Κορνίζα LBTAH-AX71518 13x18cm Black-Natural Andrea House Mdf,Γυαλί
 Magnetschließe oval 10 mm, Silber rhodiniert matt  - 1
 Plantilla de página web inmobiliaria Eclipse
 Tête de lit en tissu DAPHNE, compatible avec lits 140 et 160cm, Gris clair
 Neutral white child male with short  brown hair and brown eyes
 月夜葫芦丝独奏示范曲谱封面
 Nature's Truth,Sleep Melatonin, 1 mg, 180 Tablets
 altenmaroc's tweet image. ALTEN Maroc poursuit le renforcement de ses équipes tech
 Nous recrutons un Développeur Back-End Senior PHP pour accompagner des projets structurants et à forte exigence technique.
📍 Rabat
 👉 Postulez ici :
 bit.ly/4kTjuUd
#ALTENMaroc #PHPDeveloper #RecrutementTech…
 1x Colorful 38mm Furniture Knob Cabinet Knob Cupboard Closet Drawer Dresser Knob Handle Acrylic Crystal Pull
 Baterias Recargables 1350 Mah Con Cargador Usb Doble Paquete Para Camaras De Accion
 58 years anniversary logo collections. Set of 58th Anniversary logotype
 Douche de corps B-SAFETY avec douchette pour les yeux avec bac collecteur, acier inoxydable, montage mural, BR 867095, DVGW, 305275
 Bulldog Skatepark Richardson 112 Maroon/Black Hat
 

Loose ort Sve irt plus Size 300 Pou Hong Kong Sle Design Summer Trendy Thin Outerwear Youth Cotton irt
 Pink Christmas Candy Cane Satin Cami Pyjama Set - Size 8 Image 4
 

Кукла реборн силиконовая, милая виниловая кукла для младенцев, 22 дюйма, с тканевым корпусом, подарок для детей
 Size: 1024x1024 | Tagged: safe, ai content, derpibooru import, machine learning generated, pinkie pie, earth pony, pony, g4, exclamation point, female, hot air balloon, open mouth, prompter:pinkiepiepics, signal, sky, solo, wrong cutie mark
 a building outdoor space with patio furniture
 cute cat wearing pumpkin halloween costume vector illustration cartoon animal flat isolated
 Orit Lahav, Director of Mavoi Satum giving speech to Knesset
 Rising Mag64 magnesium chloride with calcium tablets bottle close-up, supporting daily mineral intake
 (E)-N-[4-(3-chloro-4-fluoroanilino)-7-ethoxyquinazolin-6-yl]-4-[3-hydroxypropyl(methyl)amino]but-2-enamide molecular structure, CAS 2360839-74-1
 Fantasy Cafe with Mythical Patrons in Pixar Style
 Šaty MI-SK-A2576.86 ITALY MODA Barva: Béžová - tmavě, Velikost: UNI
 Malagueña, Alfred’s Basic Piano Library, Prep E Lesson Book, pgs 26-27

★ ★ ★ ★

▶ _Exercise aim_:
All the lines above need to be printed again, exactly.

▶ _Response_:
Κορνίζα LBTAH-AX71518 13x18cm Black-Natural Andrea House Mdf,Γυαλί
 Magnetschließe oval 10 mm, Silber rhodiniert matt  - 1
 Plantilla de página web inmobiliaria Eclipse
 Tête de lit en tissu DAPHNE, compatible avec lits 140 et 160cm, Gris clair
 Neutral white child male with short  brown hair and brown eyes
 月夜葫芦丝独奏示范曲谱封面
 Nature's Truth,Sleep Melatonin, 1 mg, 180 Tablets
 altenmaroc's tweet image. ALTEN Maroc poursuit le renforcement de ses équipes tech
 Nous recrutons un Développeur Back-End Senior PHP pour accompagner des projets structurants et à forte exigence technique.
📍 Rabat
 👉 Postulez ici :
 bit.ly/4kTjuUd
#ALTENMaroc #PHPDeveloper #RecrutementTech…
 1x Colorful 38mm Furniture Knob Cabinet Knob Cupboard Closet Drawer Dresser Knob Handle Acrylic Crystal Pull
 Baterias Recargables 1350 Mah Con Cargador Usb Doble Paquete Para Camaras De Accion
 58 years anniversary logo collections. Set of 58th Anniversary logotype
 Douche de corps B-SAFETY avec douchette pour les yeux avec bac collecteur, acier inoxydable, montage mural, BR 867095, DVGW, 305275
 Bulldog Skatepark Richardson 112 Maroon/Black Hat
 

Loose ort Sve irt plus Size 300 Pou Hong Kong Sle Design Summer Trendy Thin Outerwear Youth Cotton irt
 Pink Christmas Candy Cane Satin Cami Pyjama Set - Size 8 Image 4
 

Кукла реборн силиконовая, милая виниловая кукла для младенцев, 22 дюйма, с тканевым корпусом, подарок для детей
 Size: 1024x1024 | Tagged: safe, ai content, derpibooru import, machine learning generated, pinkie pie, earth pony, pony, g4, exclamation point, female, hot air balloon, open mouth, prompter:pinkiepiepics, signal, sky, solo, wrong cutie mark
 a building outdoor space with patio furniture
 cute cat wearing pumpkin halloween costume vector illustration cartoon animal flat isolated
 Orit Lahav, Director of Mavoi Satum giving speech to Knesset
 Rising Mag64 magnesium chloride with calcium tablets bottle close-up, supporting daily mineral intake
 (E)-N-[4-(3-chloro-4-fluoroanilino)-7-ethoxyquinazolin-6-yl]-4-[3-hydroxypropyl(methyl)amino]but-2-enamide molecular structure, CAS 2360839-74-1
 Fantasy Cafe with Mythical Patrons in Pixar Style
 Šaty MI-SK-A2576.86 ITALY MODA Barva: Béžová - tmavě, Velikost: UNI
 Malagueña, Alfred’s Basic Piano Library, Prep E Lesson Book, pgs 26-27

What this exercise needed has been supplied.